ASSIGNMENT:
Write out again, exactly as they appear, the lines from the start of the data below through the line with "German Ambassador visits HCOE — photo 3"; no pictures.

DATA FOR PROCESSING:
★ ★ ★ ★ ★

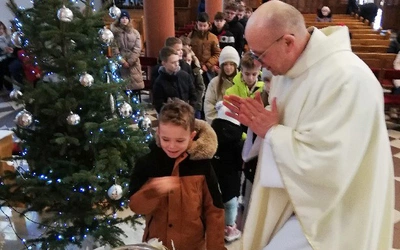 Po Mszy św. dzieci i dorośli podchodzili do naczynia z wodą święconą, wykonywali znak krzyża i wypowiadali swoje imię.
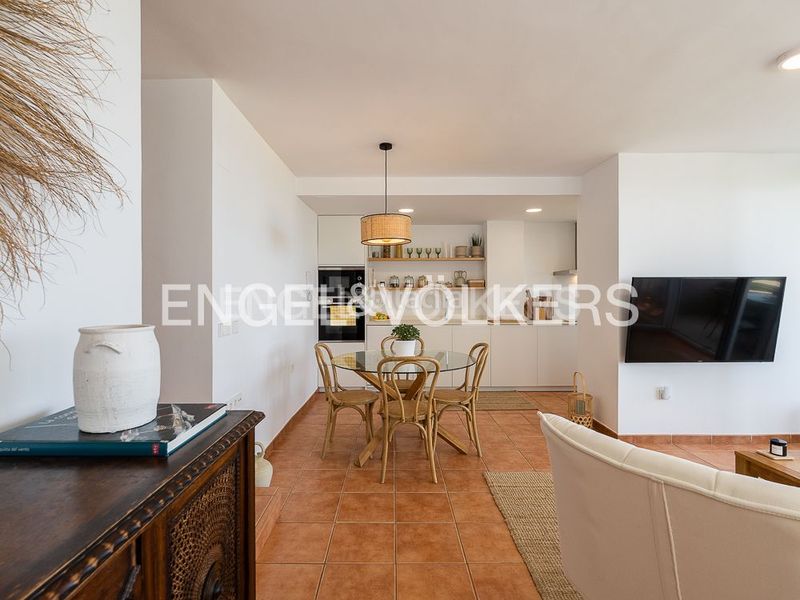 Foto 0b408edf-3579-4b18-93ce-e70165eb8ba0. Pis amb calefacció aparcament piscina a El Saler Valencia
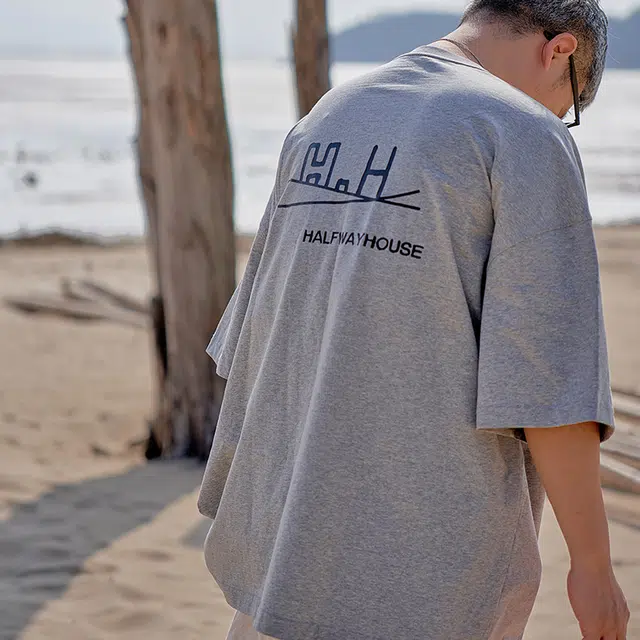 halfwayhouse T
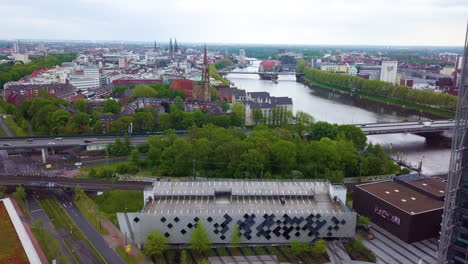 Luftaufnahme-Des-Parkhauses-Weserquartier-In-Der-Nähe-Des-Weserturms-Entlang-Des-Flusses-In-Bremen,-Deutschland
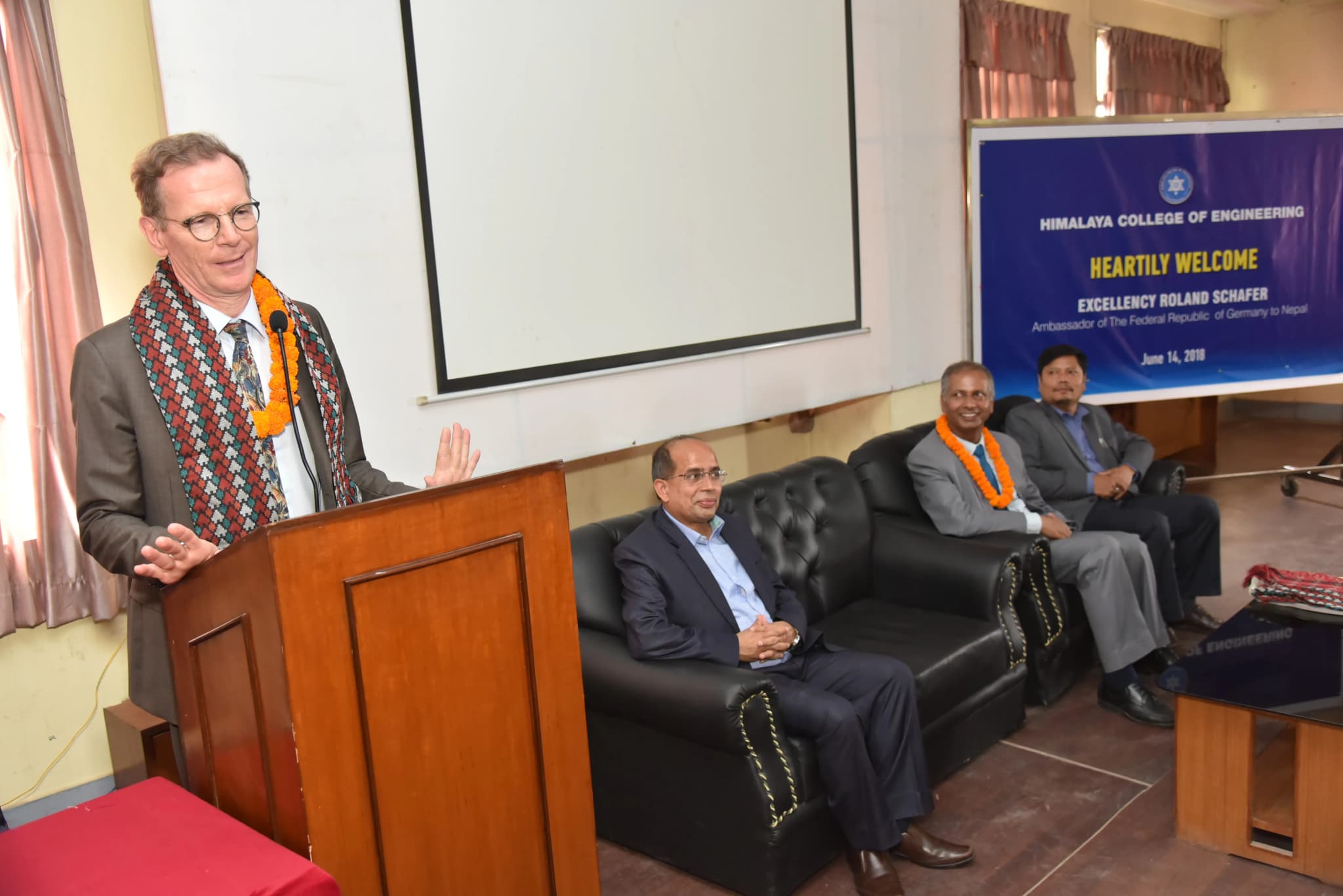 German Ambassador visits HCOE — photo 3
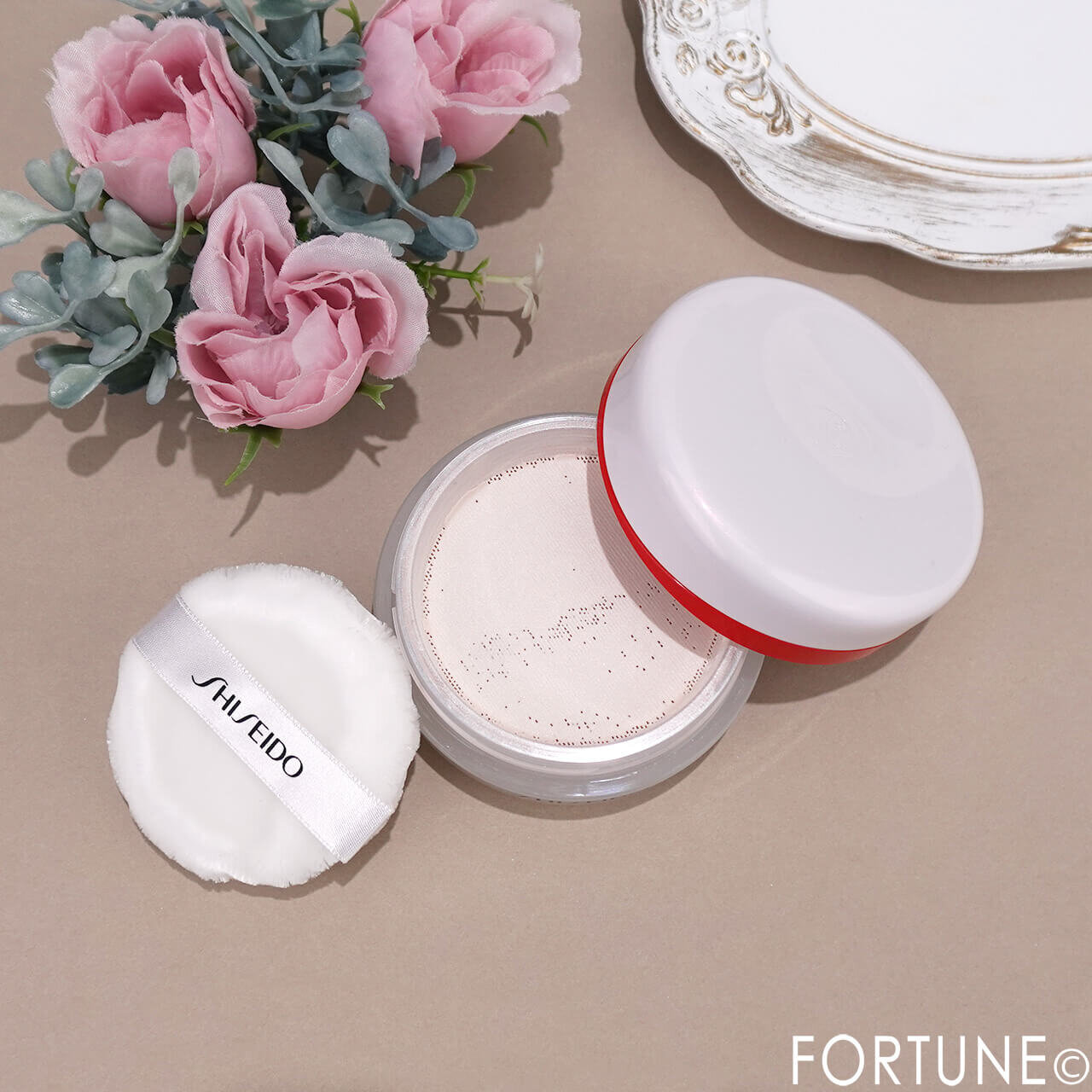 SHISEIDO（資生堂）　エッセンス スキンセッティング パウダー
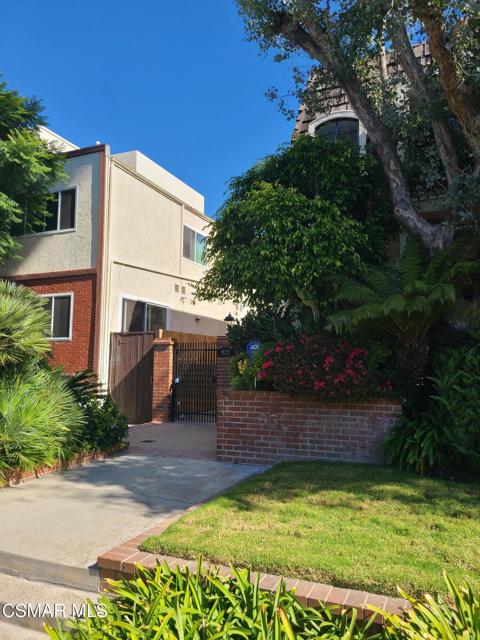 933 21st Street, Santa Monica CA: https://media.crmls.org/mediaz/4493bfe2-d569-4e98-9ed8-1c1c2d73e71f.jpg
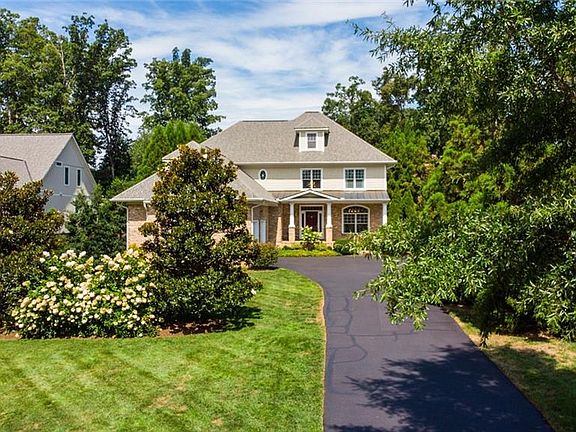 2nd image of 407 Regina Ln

★ ★ ★ ★ ★

ANSWER TO THIS PROBLEM:
 Po Mszy św. dzieci i dorośli podchodzili do naczynia z wodą święconą, wykonywali znak krzyża i wypowiadali swoje imię.
 Foto 0b408edf-3579-4b18-93ce-e70165eb8ba0. Pis amb calefacció aparcament piscina a El Saler Valencia
 halfwayhouse T
 Luftaufnahme-Des-Parkhauses-Weserquartier-In-Der-Nähe-Des-Weserturms-Entlang-Des-Flusses-In-Bremen,-Deutschland
 German Ambassador visits HCOE — photo 3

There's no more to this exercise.